Talk to a tax consultant.

But if you were to ask me, I think you are beyond the "Hobby" stage per the IRS Rules (but, we don't know where you live, so I really can't give any inadviseable internet advice ==> Business or Hobby? Answer Has Implications for Deductions

High Resolution ??  or detailed / in focus using something other than f/1.8 ?

You can sharpen it a bit depending if for print/screen.  But if you take it Out Of Focus (aka, OOF) then it's OOF.

Understanding DOF ==> Understanding Depth of Field in Photography

read it and reread it, and test it out.  Then understand the situations to use f/1.8 and the situations to not use f/1.8.  You can,but you have to learn how to use it. 
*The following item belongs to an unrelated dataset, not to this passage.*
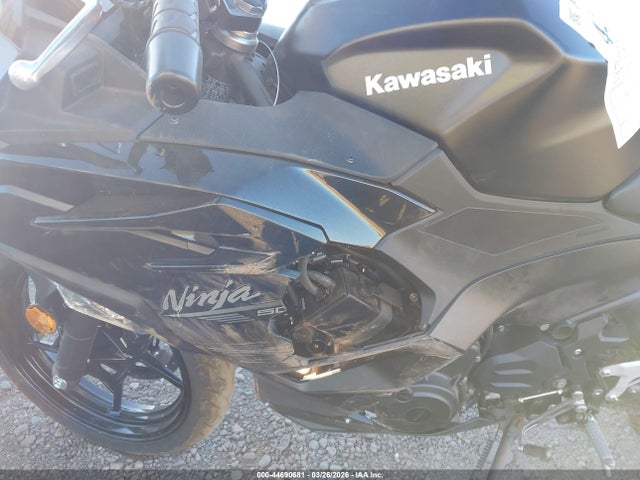 ML5EXGG13TDA83300 Kawasaki EX500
If you have 2 ppl and they are not parallel with each other then you have a DOF/OOF issue on their faces if you are too close.  You have to use the Calculator and visualize (and test on inanimate objects) how you use your camera settings.  => A Flexible Depth of Field Calculator

Also learn your camera's Focusing Mode.  ie, Single point focus mode (don't use auto focusing mode). You'll have to consult your camera manual (since we don't know what you use) for this.  Then focus on the eye as a general rule (don't let the camera decide for you).


----------



## tirediron (Nov 25, 2015)

As I indicated in the other thread, IMO, you are a long way from being ready to take money for photography.  A HUGE part of running a successful business is having everything set up.  If $500 for insurance (that's a LOT less than what I pay) is too much money, you're not ready.  Yes, it's expensive, but how much will the lawsuit resulting from a client tripping over your lightstand and breaking a tooth cost?


----------



## Designer (Nov 25, 2015)

Esperanza86 said:


> Do you have any advice on where to start and how to start? I am afraid to do the tax ID  because if I am not making any money I am afraid they will expect me to pay. I am attempting to pay for this years sessions but am thinking it is best to do it as a hobby until I have more things in order.
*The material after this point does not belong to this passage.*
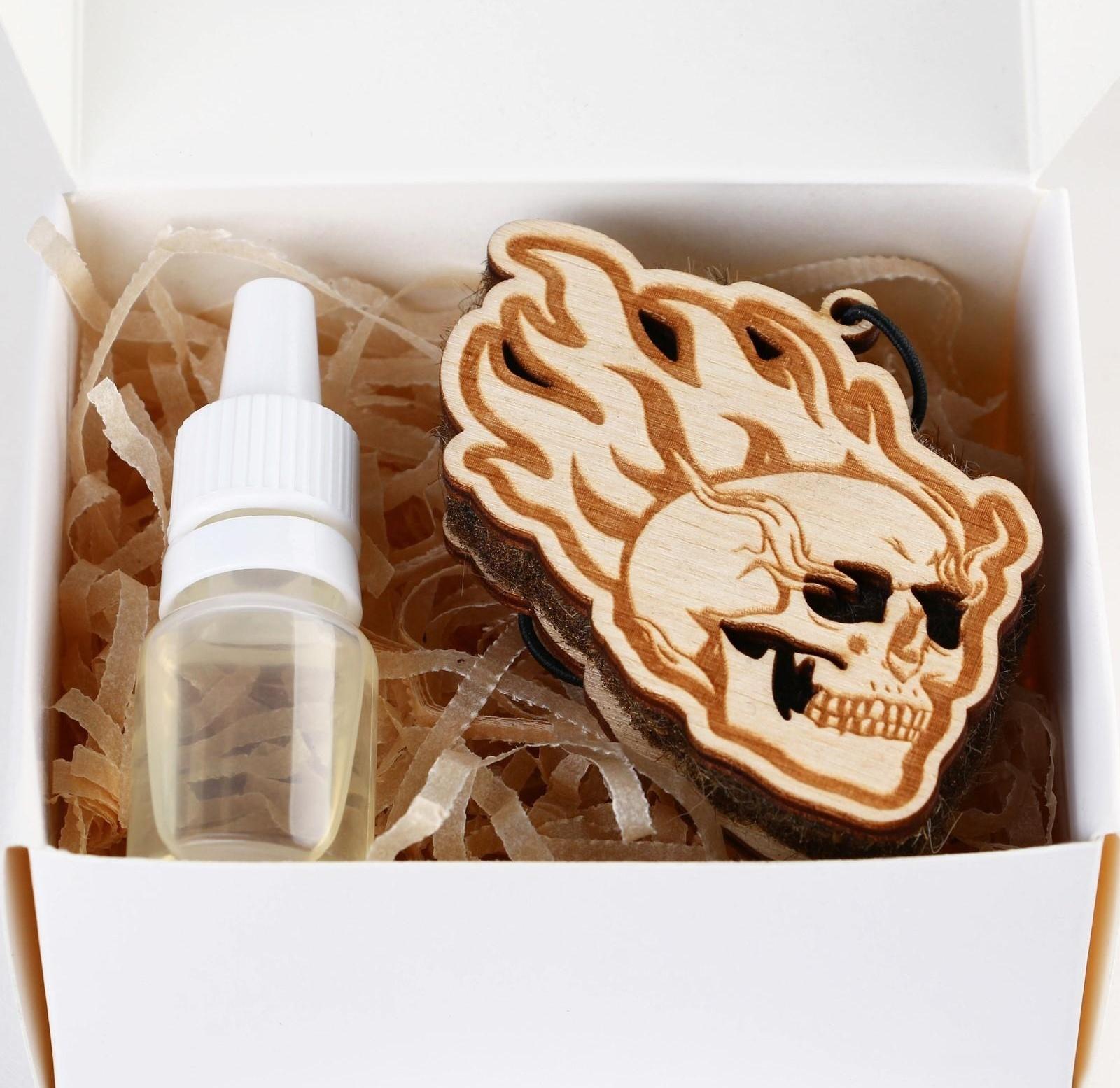 Набор «Отвлекись от суеты», подвеска деревянная с пропиткой и ароматизатор, 10 мл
I'm a bit confused as to whose thread this is, but this is for Esperanza86.

Build your skills by shooting friends and family "for trade", meaning you give them prints (if they're good photos) for their time in posing for you.  Yes, you're going to "wear out" a couple of friends, but hopefully they will have some nice photographs that they can pass out among their friends and family.
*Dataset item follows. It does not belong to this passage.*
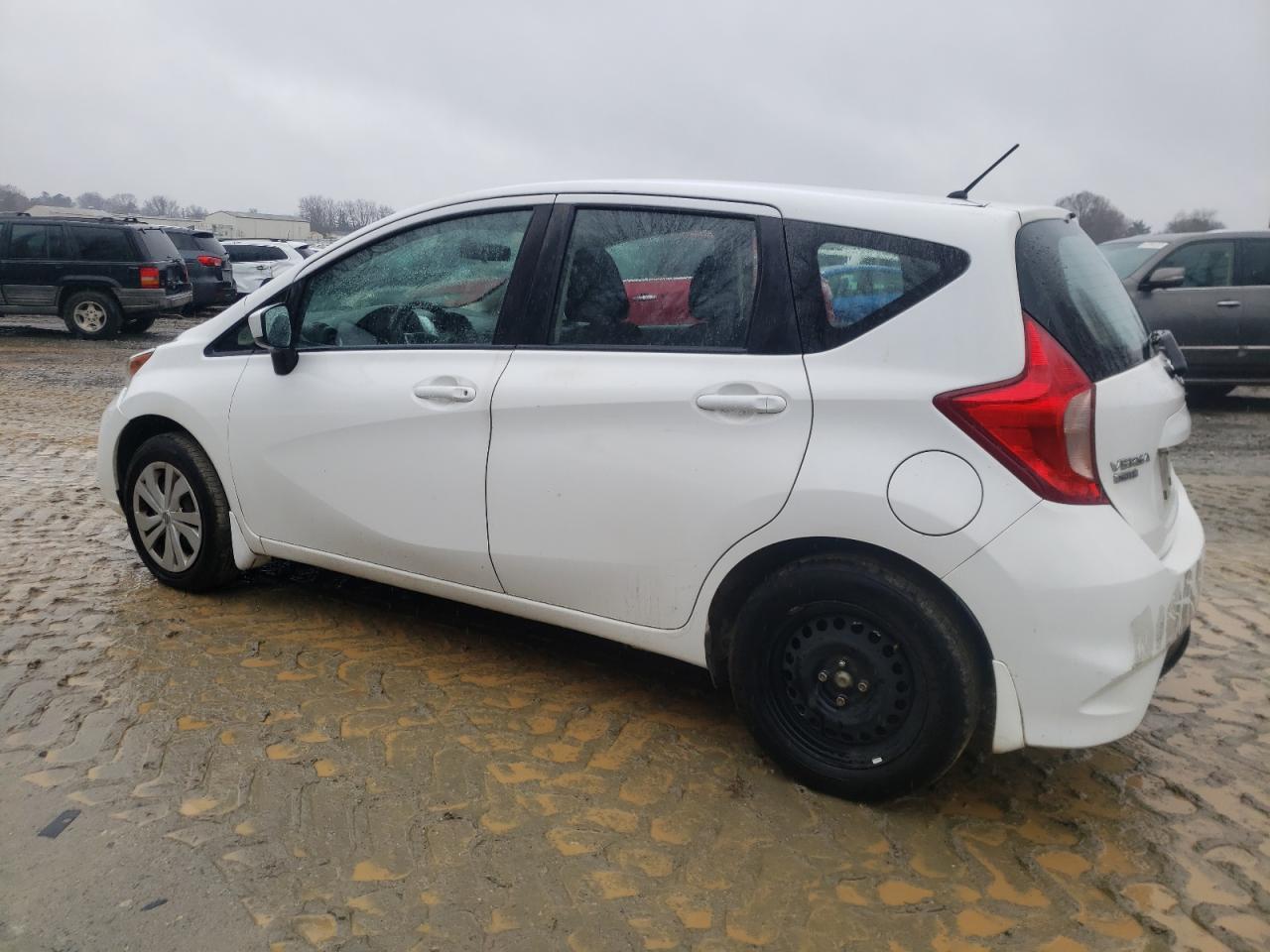 Obraz 2 z 2018 NISSAN VERSA NOTE S 2018 z VIN 3N1CE2CP1JL359416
Call your state department of revenue, and ask some questions.  They can tell you how to get your federal tax ID.  The IRS (and probably your state) wants your money in the form of taxes paid on your income.  A tax attorney can get you set up with the legal stuff.  Yes, you're going to have to pay the tax attorney, but probably just the one time. 

When you file your tax return, there is a form for reporting business income and expenses.  If your expenses are high relative to your income, your tax liability will be low.  It is WAY better to report your income and expenses on your tax return than to NOT do it, and WISH you had.  With most small businesses just staring up, the taxable income will be negative for a couple of years, so your taxes won't go up right away. 

If you are considering your enterprise to be more of a hobby at this point in time, then don't accept any money.  ANY money.  Just don't.  Later you can set it up as a business.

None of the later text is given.